◆ **Exercise**:
An exact copy of the lines of the listing below between the "女鞋时尚百搭夏季透气小众厚底ins网面韩版系带拼色拼接潮流潮鞋" line and the "2024 NFPA 96" line, both included, is the whole answer; please omit the pictures.

++++ Data under study ++++

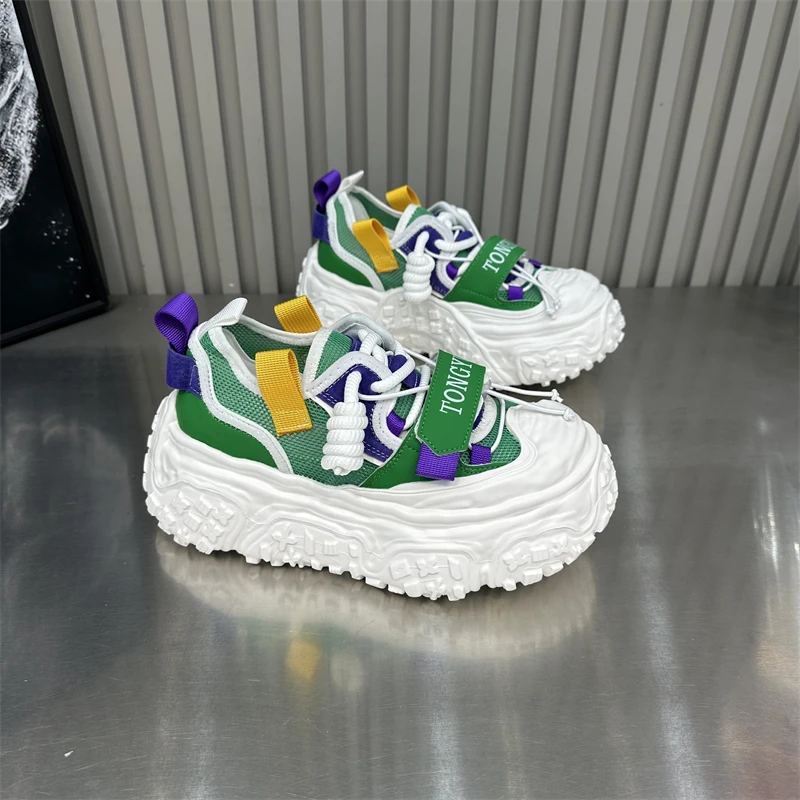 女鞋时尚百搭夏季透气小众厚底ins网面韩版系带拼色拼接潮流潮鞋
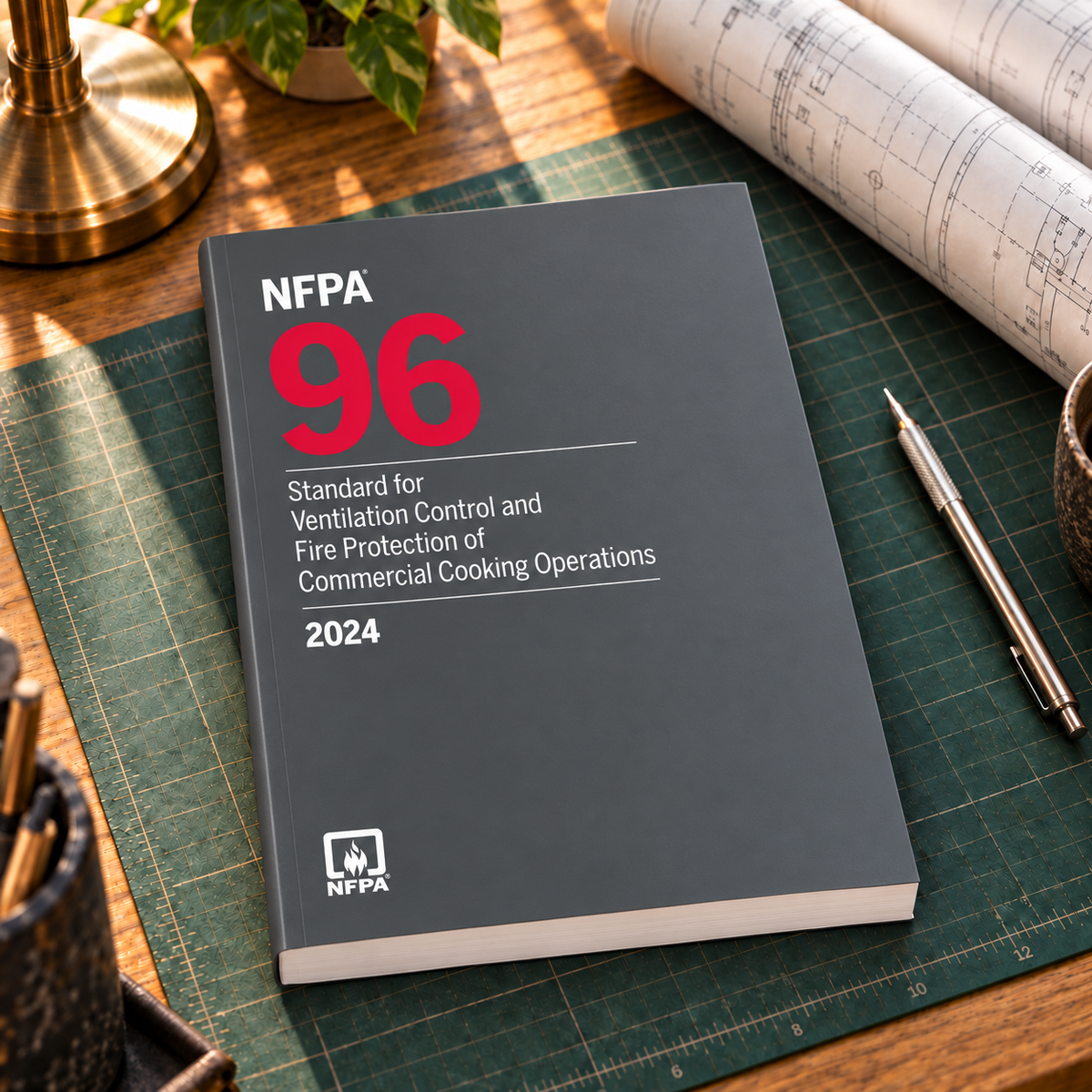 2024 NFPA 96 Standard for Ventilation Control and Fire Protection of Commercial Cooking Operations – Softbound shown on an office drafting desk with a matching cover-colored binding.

++++
++++ Data under study ++++

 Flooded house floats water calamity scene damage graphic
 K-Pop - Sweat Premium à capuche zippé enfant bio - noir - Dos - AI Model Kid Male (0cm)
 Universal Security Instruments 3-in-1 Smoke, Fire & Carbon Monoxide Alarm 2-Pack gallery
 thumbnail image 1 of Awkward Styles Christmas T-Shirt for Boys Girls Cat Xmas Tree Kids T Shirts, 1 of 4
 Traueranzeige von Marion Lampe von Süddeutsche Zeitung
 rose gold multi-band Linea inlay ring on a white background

++++

◆ **Output for this task**:
 女鞋时尚百搭夏季透气小众厚底ins网面韩版系带拼色拼接潮流潮鞋
 2024 NFPA 96 Standard for Ventilation Control and Fire Protection of Commercial Cooking Operations – Softbound shown on an office drafting desk with a matching cover-colored binding.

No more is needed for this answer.